What you have to do: Transcribe all the data below exactly, leaving its pictures out.

Stored data:
******************************

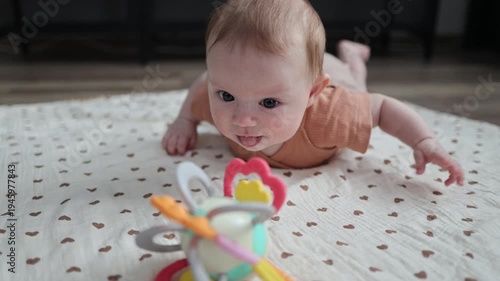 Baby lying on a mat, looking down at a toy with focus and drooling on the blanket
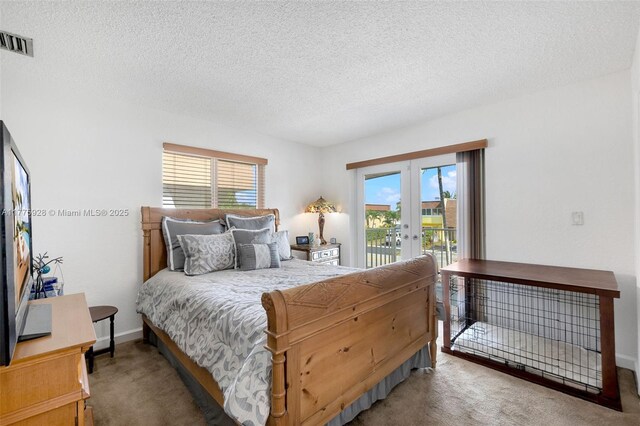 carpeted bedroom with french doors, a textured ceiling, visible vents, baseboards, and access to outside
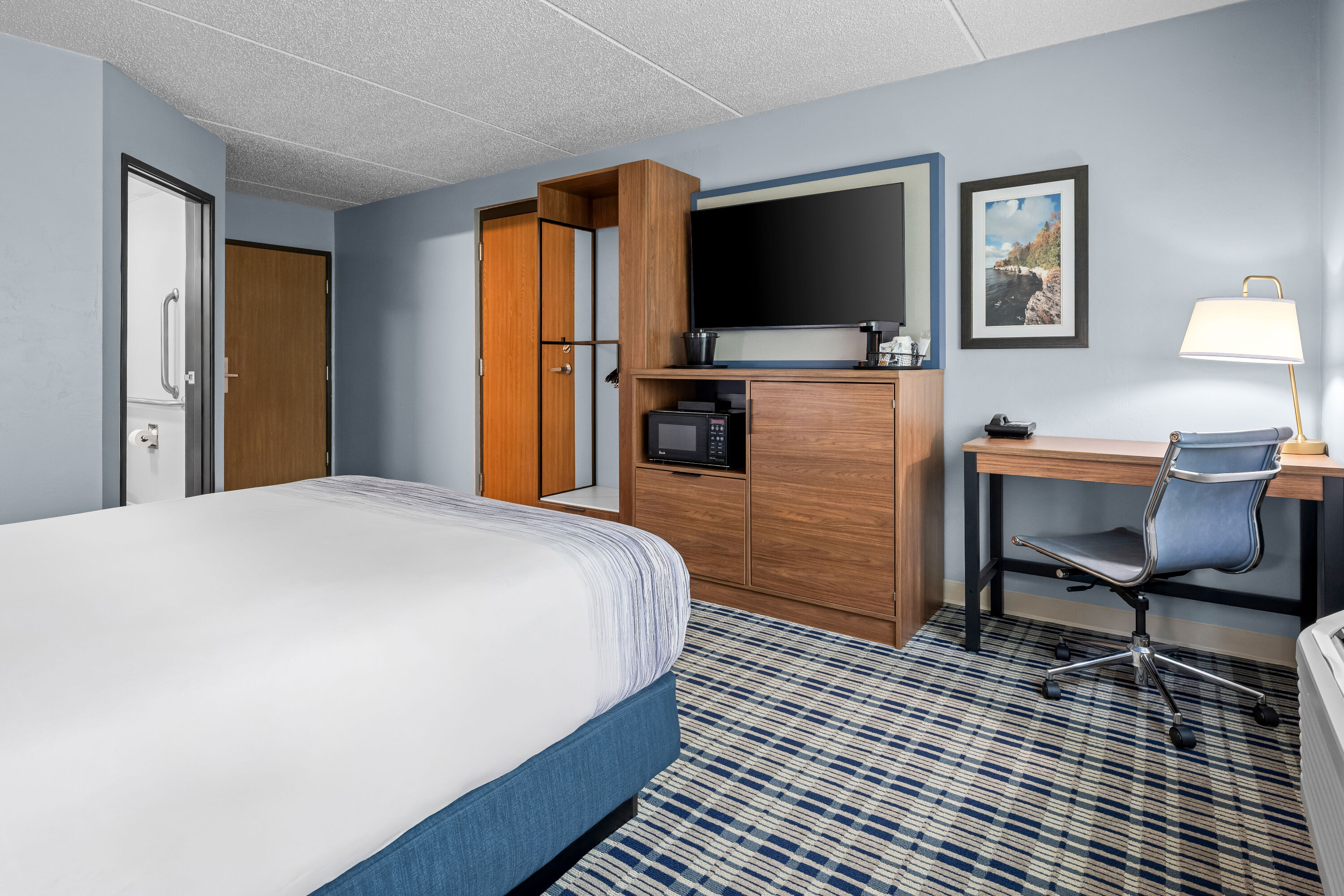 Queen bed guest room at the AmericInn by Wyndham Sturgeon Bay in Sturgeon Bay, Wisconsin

******************************

Solution to the exercise:
 Baby lying on a mat, looking down at a toy with focus and drooling on the blanket
 carpeted bedroom with french doors, a textured ceiling, visible vents, baseboards, and access to outside
 Queen bed guest room at the AmericInn by Wyndham Sturgeon Bay in Sturgeon Bay, Wisconsin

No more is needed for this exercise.